Fei Shi ( 214–234, died after 234), courtesy name Gongju, was an official of the state of Shu Han during the Three Kingdoms period of China.

Life
Fei Shi was from Nan'an County (南安縣), Qianwei Commandery (犍為郡), which is around present-day Leshan, Sichuan. He originally served under Liu Zhang, the Governor of Yi Province (covering present-day Sichuan and Chongqing), as the Prefect of Mianzhu County (綿竹縣).

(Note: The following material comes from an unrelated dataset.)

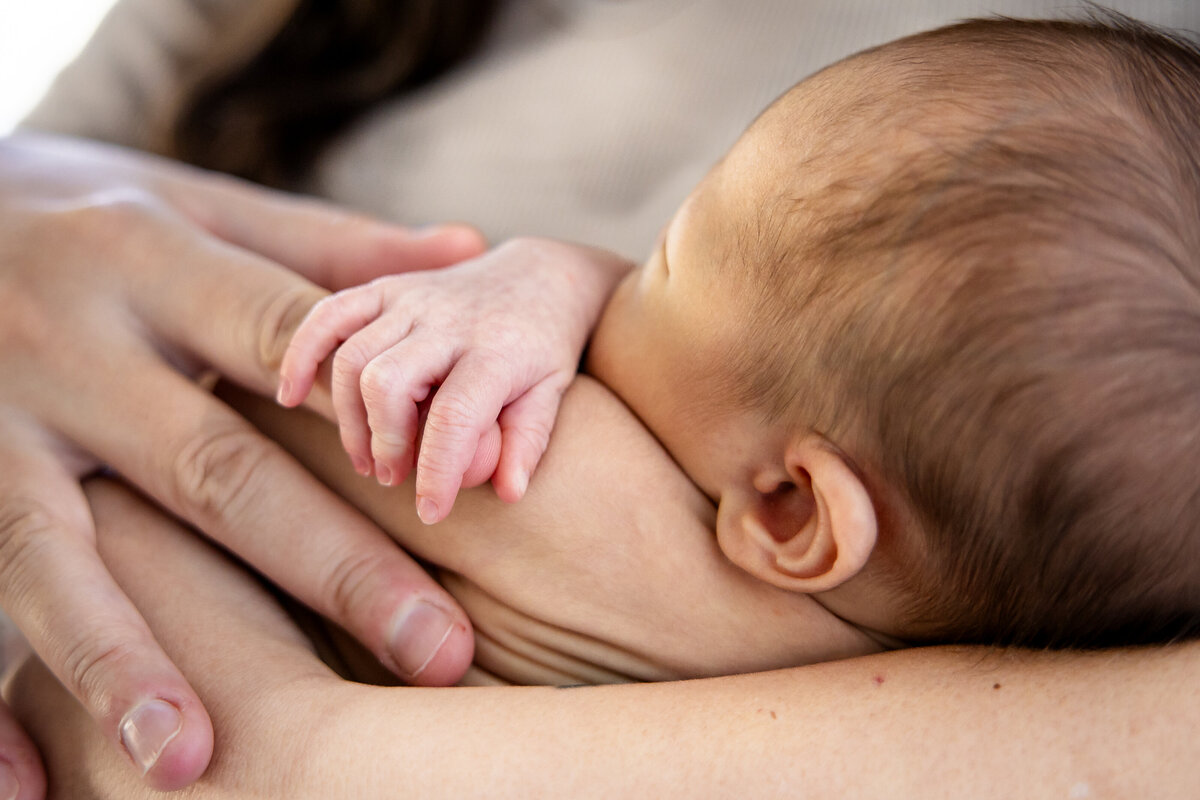 Baby holding onto mom's fingers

In 214, after the warlord Liu Bei seized control of Yi Province from Liu Zhang, Fei Shi came into the service of Liu Bei. Between 214 and 219, Fei Shi held a number of appointments in Liu Bei's administration, including Administrator (太守) of Zangke Commandery (牂牁郡). Around 219, after Liu Bei declared himself King of Hanzhong, he tasked Fei Shi with travelling to Jing Province to inform Guan Yu about his appointment as General of the Vanguard (前將軍). However, when Guan Yu learned that Huang Zhong would server as the General of the Rear (後將軍), he angrily said, "I would never allow myself to share the same rank as this old soldier!". He was adamant in his resolution not to accept the appointment.

Fei Shi, in order to convince Guan Yu, said to him :

After Guan Yu heard Fei Shi's argument, he was greatly moved and hurriedly accepted the appointment.

In 221, when Liu Bei declared himself emperor and established the Shu Han state, Fei Shi wrote a memorial to express his strong objection to Liu Bei's coronation. He argued that Liu Bei should not declare himself emperor until he had vanquished Shu's rival state, Cao Wei, which replaced the Eastern Han dynasty in 220; he cited the example of Liu Bang, the founder of the Han dynasty, who only declared himself emperor after defeating his rival Xiang Yu in the Chu–Han Contention. His memorial was as such : Liu Bei was so displeased that he had Fei Shi demoted to serve as a low-ranking official in Yongchang Commandery (永昌郡) in the remote southern parts of Shu.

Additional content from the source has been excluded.